• [WHAT YOU SHOULD DO]:
Type out the complete listing below word for word, without its pictures.

• [SUPPLIED INFORMATION]:
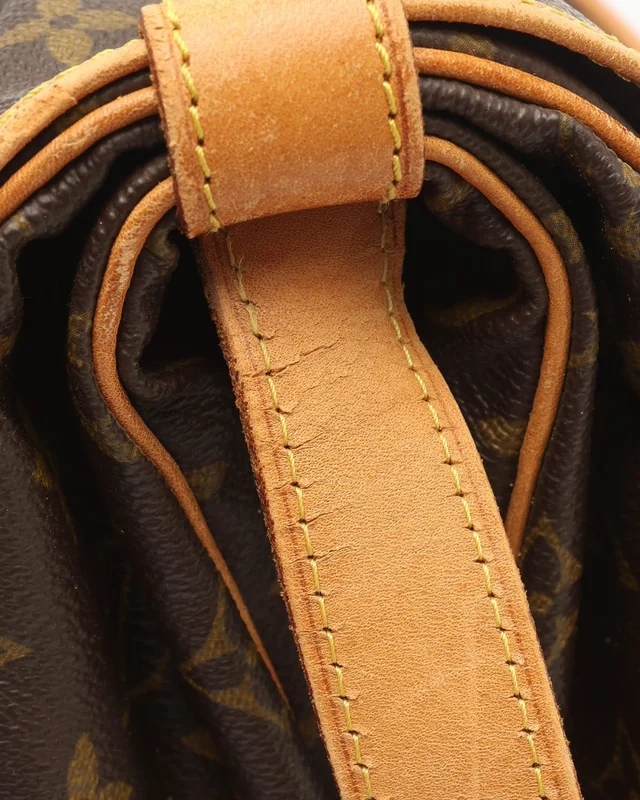 Louis Vuitton Monogram Saumur 35 Bag in Coated canvas from A Retro Tale, photo 7 of 11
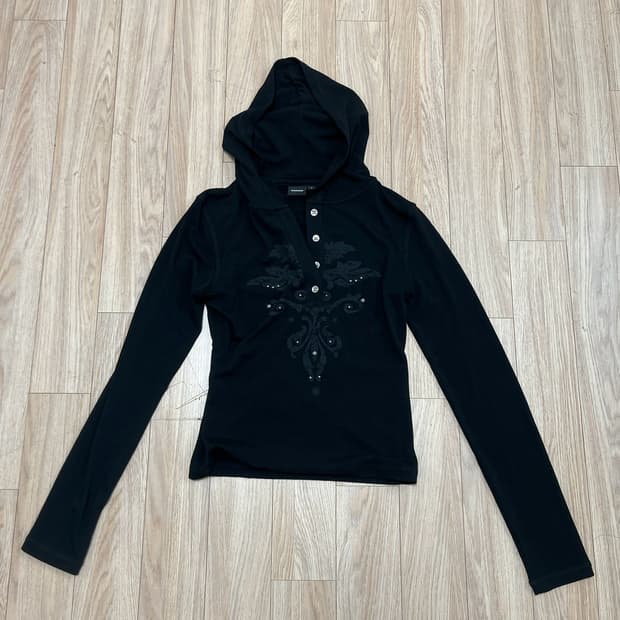 AAKAM 후드 롱슬리브 / 1 사이즈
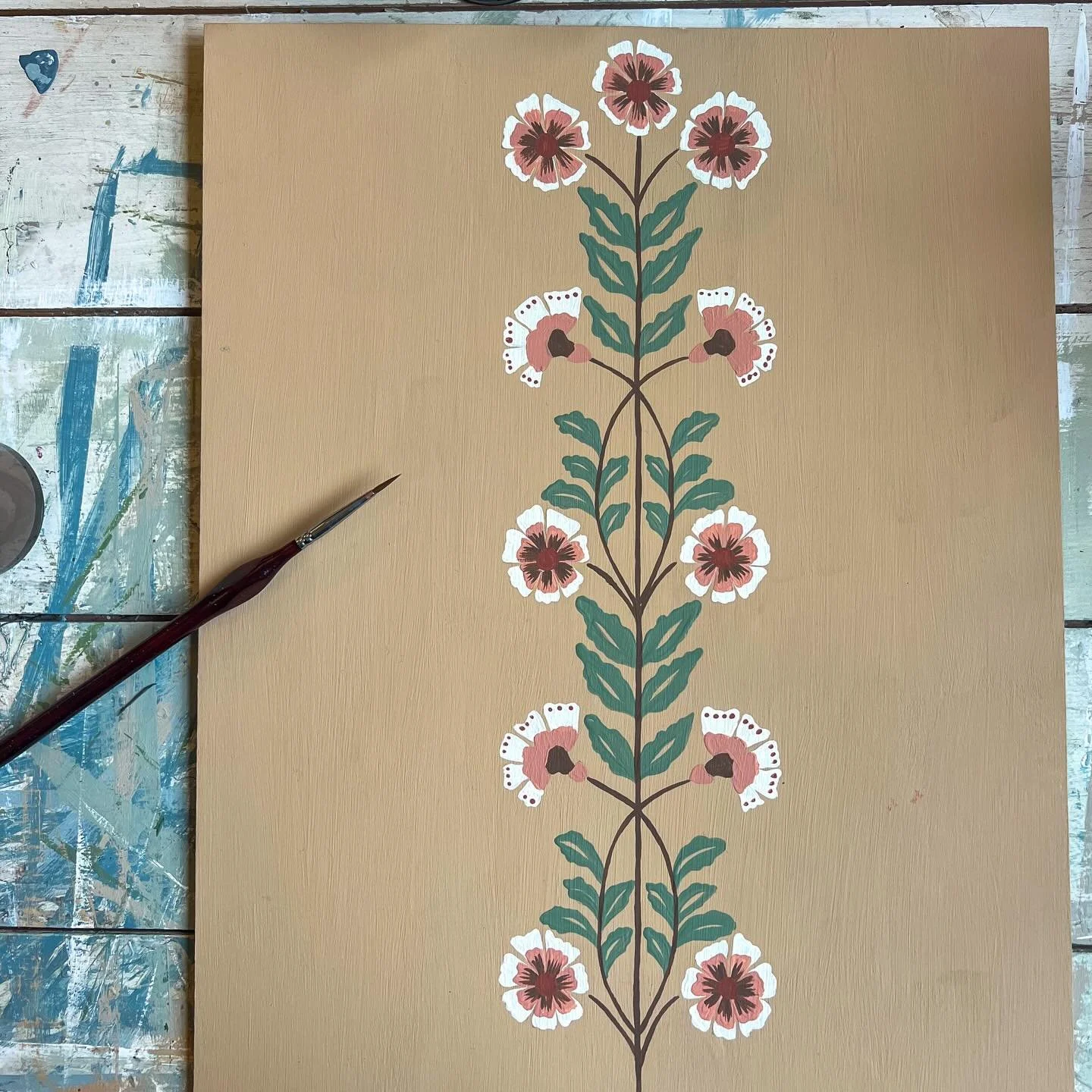 Sampling in the studio today for a bespoke fireplace that I will be painting in March. I love seeing the digital design and idea come to life in the sampling process 🌷🌷🌷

• [ANSWER SPACE]:
 Louis Vuitton Monogram Saumur 35 Bag in Coated canvas from A Retro Tale, photo 7 of 11
 AAKAM 후드 롱슬리브 / 1 사이즈
 Sampling in the studio today for a bespoke fireplace that I will be painting in March. I love seeing the digital design and idea come to life in the sampling process 🌷🌷🌷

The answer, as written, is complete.